[Data excerpt — start]
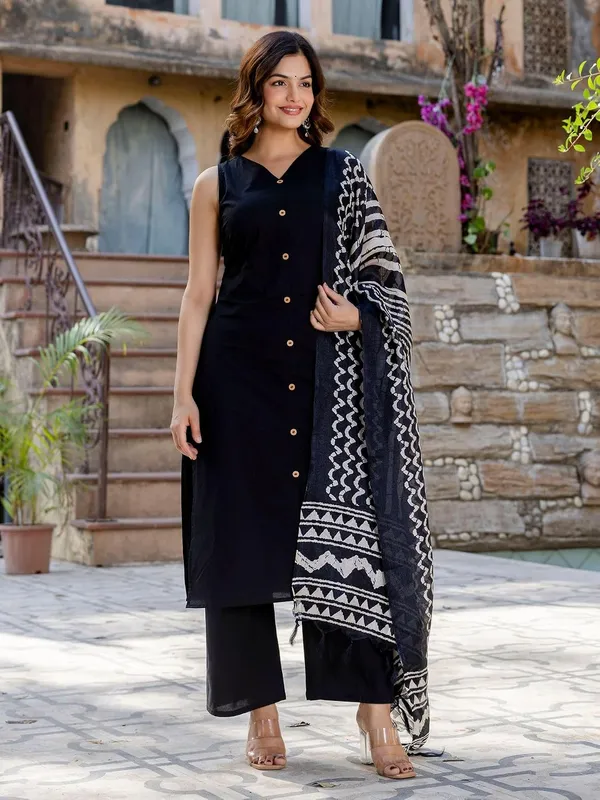 Womens_Cotton_Sleeveless_Kurta_Set_With_Pyjama_And_Dupatta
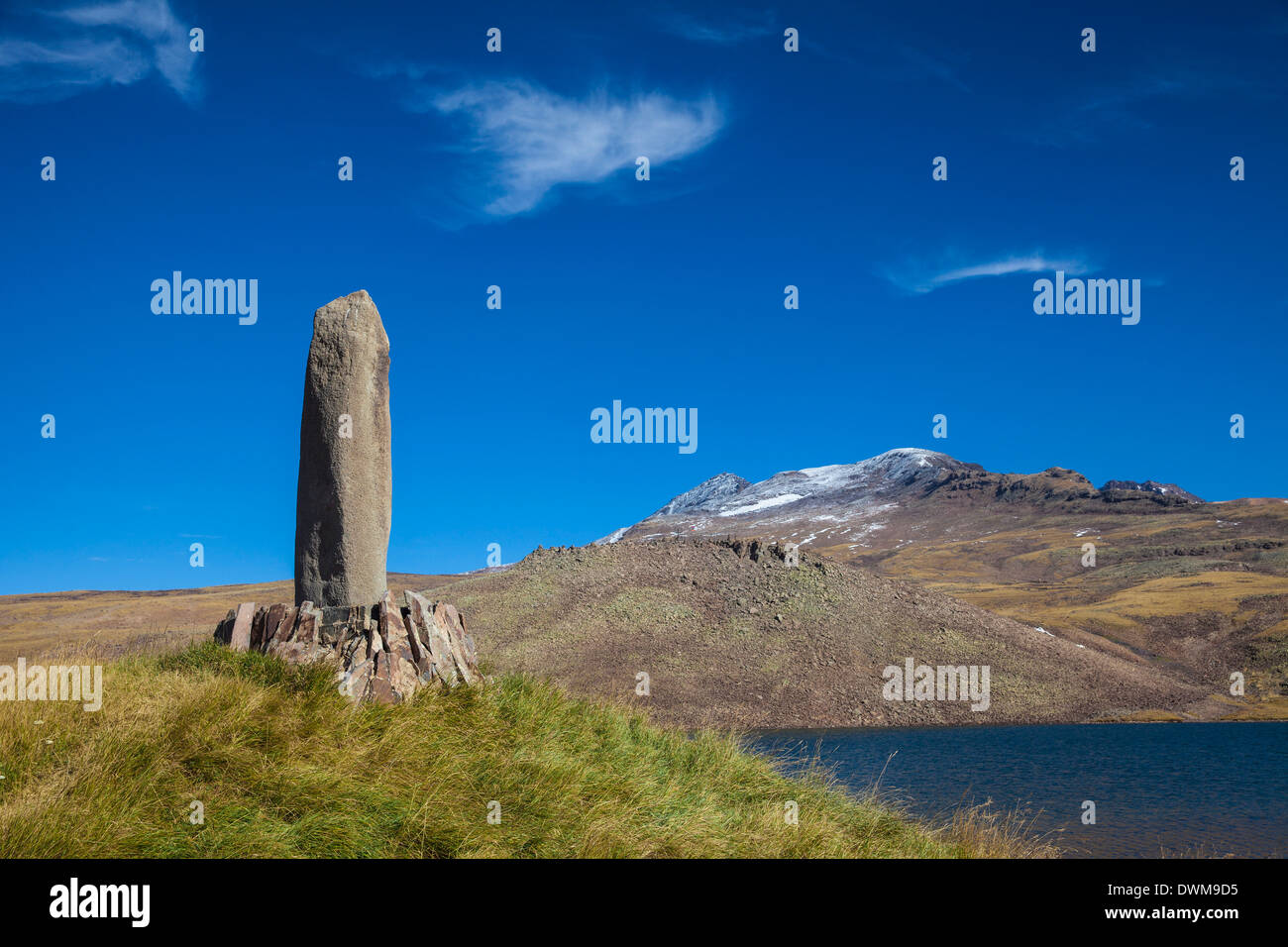 Phallischer Stein bei Kari Lake befindet sich am Fuße des Mount Aragats, Aragatsotn, Armenien, Zentral-Asien, Asien Stockfoto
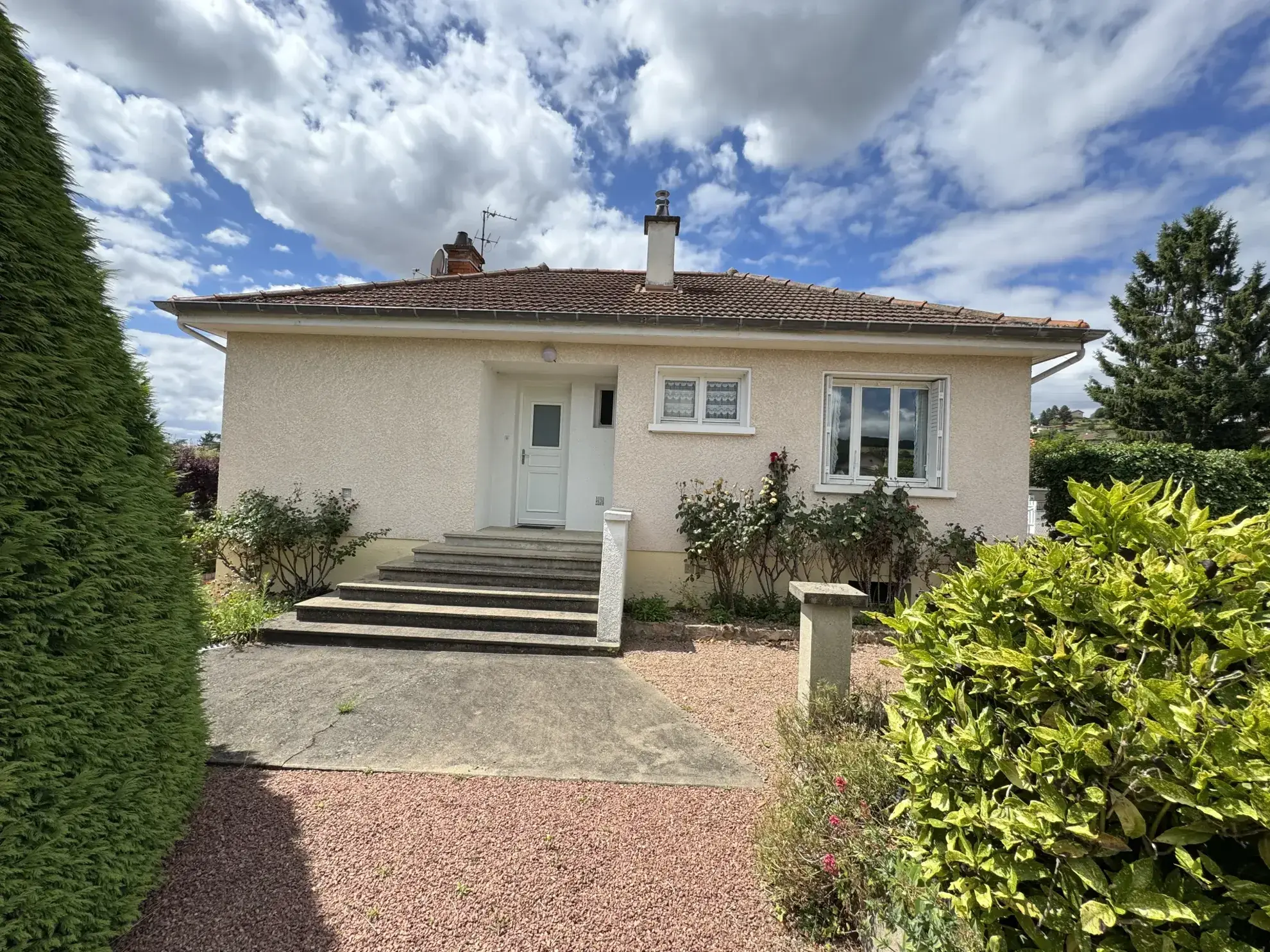 Maison à vendre à Bourg de Thizy avec terrain de 800 m² - 3 chambres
[Data excerpt — finish]
> **Task brief**: Restate every line of the listing exactly. Pictures are not part of the copy.

> **Task output**:
 Womens_Cotton_Sleeveless_Kurta_Set_With_Pyjama_And_Dupatta
 Phallischer Stein bei Kari Lake befindet sich am Fuße des Mount Aragats, Aragatsotn, Armenien, Zentral-Asien, Asien Stockfoto
 Maison à vendre à Bourg de Thizy avec terrain de 800 m² - 3 chambres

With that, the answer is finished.